The Law of Averages – an Insult to Knowledge
We already mentioned one fallacy that’s deceptively named as a law – the law of small numbers. There’s another one, called the law of averages. It results from poor understanding of uncertainty and probability and is tightly related to the gambler’s fallacy. The law of averages is the erroneous belief that a certain outcome is due because it is statistically possible and hasn’t occurred in recent results. Players expect outcomes to even immediately after a recent deviation from the average. This is more of a wishful thinking than a statistically adequate expectation. Once again, we must point out that the probability of a given outcome in future trials is not affected by results in the past. Keep this in mind, otherwise the law of averages will become the law of large losses.

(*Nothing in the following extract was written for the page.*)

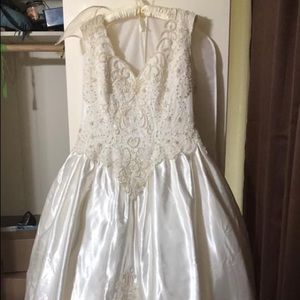 Wedding dress and veil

Conclusion – How to Play Smart?
In a short summary, we must mention again that there’s more to gambling than knowing the odds if you don’t want to be a part of the world’s greatest DFS loser punishments, for example. Players often misinterpret numbers because of their biases and the tendency to use heuristics in reasoning. This escalates quickly as gamblers fall victims to outright fallacies. Therefore, the best advice is to be prepared, to know your facts, and to remember that your own mind can trick you. This way you’ll be able to avoid the traps and remain sharp. Having decent knowledge in probability and the law of large numbers will help you make more adequate decisions under uncertainty.